=== What you have to do ===
Two lines below mark the span: the one containing "Cute Green Cartoon" and the one containing "Muslin Jabla set - Peach Smiley Star (2 Pcs)". Set down both, plus every line between, exactly as they stand, and nothing else.

=== Raw data ===
┌────────

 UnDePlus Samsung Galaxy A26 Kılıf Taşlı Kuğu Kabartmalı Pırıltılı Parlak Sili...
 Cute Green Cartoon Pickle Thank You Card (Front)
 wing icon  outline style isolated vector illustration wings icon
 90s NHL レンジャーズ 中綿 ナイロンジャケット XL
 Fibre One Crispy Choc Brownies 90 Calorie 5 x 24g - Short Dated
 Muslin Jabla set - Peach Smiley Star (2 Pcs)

└────────
┌────────

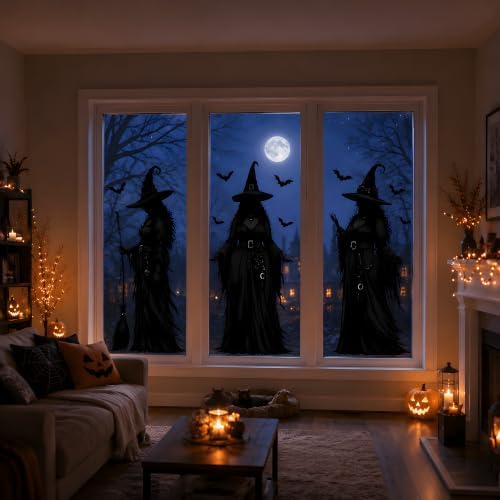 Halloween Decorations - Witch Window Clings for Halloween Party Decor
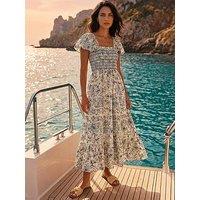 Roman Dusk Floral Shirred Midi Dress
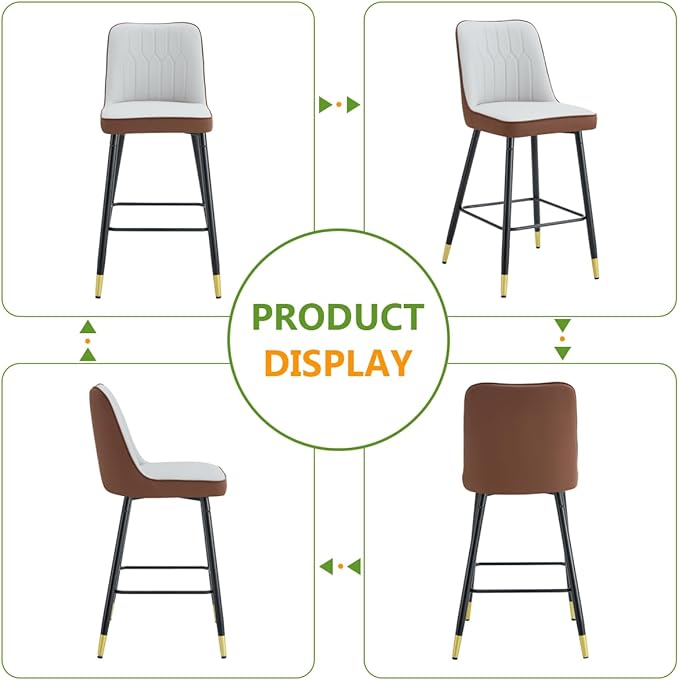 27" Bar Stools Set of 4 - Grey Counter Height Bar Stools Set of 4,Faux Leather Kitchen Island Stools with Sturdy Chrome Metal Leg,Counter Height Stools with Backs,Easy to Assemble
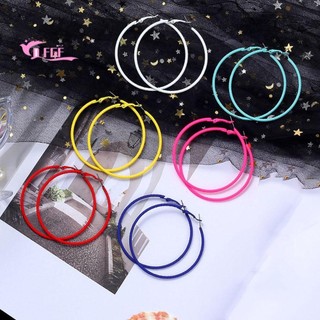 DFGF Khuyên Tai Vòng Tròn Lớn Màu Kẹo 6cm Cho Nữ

└────────

=== Result of this task ===
 Cute Green Cartoon Pickle Thank You Card (Front)
 wing icon  outline style isolated vector illustration wings icon
 90s NHL レンジャーズ 中綿 ナイロンジャケット XL
 Fibre One Crispy Choc Brownies 90 Calorie 5 x 24g - Short Dated
 Muslin Jabla set - Peach Smiley Star (2 Pcs)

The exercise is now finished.